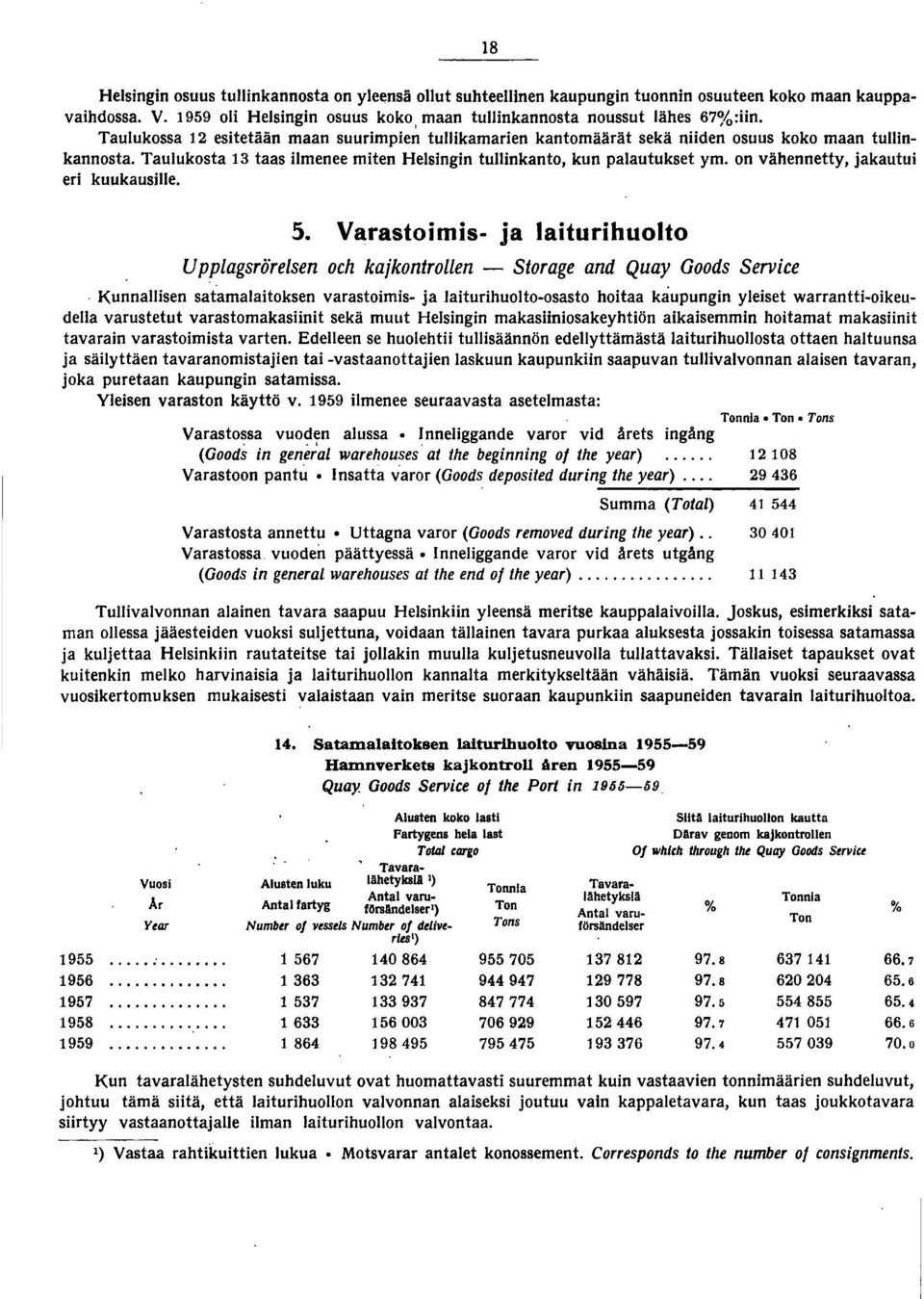 on vähennetty, jakautui eri kuukausille. 5. Varastoimis- ja laiturihuolto UppLagsrö'reLsen och kajkontrollen - Storage and Quay Goods Service.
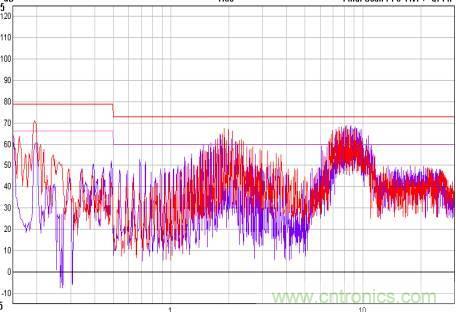 開(kāi)關(guān)電源EMC知識(shí)經(jīng)驗(yàn)超級(jí)總匯！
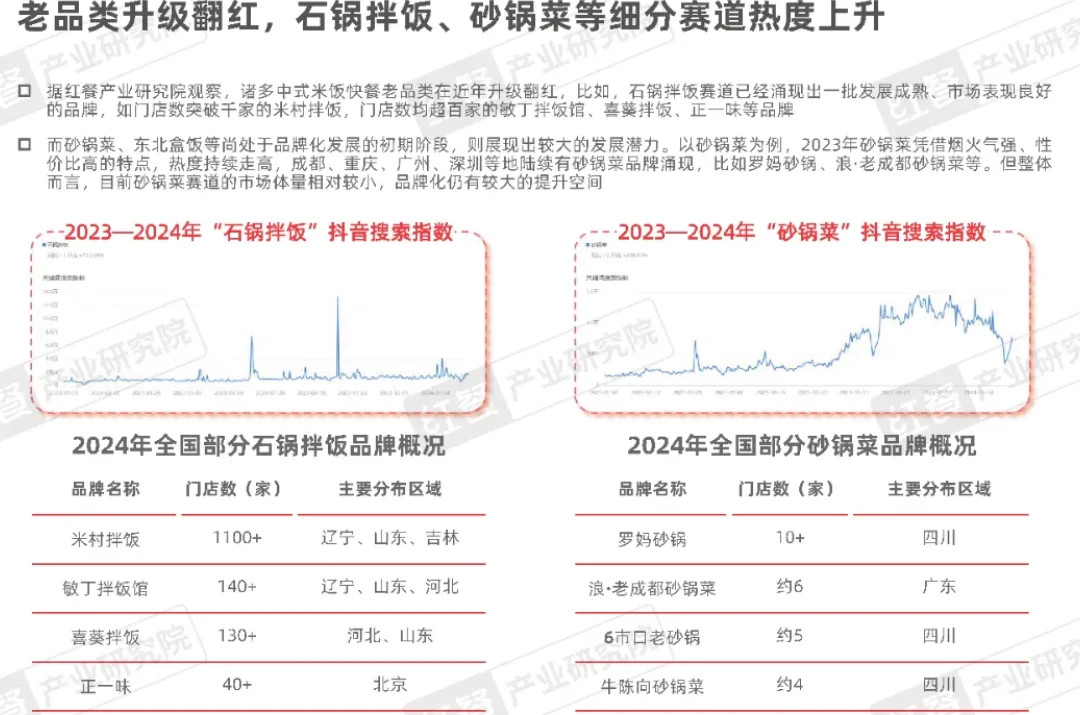 2024中式米饭快餐品类发展报告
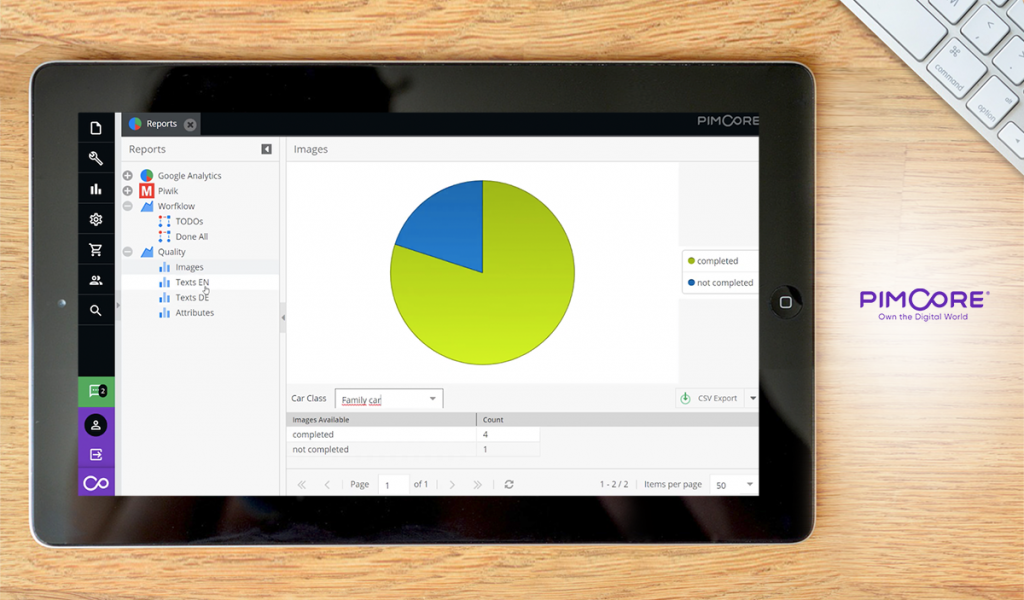Pimcore dashboard
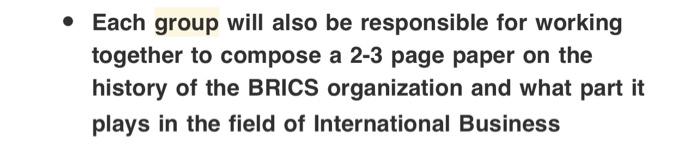 Each group will develop a business idea based on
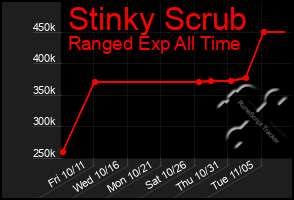 Total Graph of Stinky Scrub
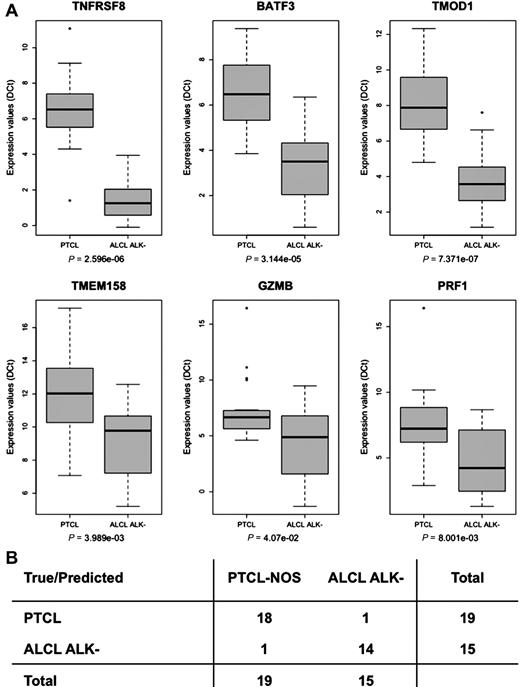Figure 3. Validation of a 3-gene model classifier by RT-qPCR in cryopreserved samples. (A) Box plot showing RT-qPCR quantification of TNFRSF8, BATF3, TMOD1, TMEM158, GZMB, and PRF1 expression in PTCL-NOS and ALK− ALCL. Statistical significance calculated using the Wilcoxon rank-sum test are shown. Expression levels are given as ΔCt. (B) Classification accuracy measures. positive predictive value, 94.7%; negative predictive value, 93.3%.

→ **TASK TO CARRY OUT**
Print the material above verbatim except the pictures.

→ **WRITTEN ANSWER**
 on vähennetty, jakautui eri kuukausille. 5. Varastoimis- ja laiturihuolto UppLagsrö'reLsen och kajkontrollen - Storage and Quay Goods Service.
 開(kāi)關(guān)電源EMC知識(shí)經(jīng)驗(yàn)超級(jí)總匯！
 2024中式米饭快餐品类发展报告
Pimcore dashboard
 Each group will develop a business idea based on
 Total Graph of Stinky Scrub
Figure 3. Validation of a 3-gene model classifier by RT-qPCR in cryopreserved samples. (A) Box plot showing RT-qPCR quantification of TNFRSF8, BATF3, TMOD1, TMEM158, GZMB, and PRF1 expression in PTCL-NOS and ALK− ALCL. Statistical significance calculated using the Wilcoxon rank-sum test are shown. Expression levels are given as ΔCt. (B) Classification accuracy measures. positive predictive value, 94.7%; negative predictive value, 93.3%.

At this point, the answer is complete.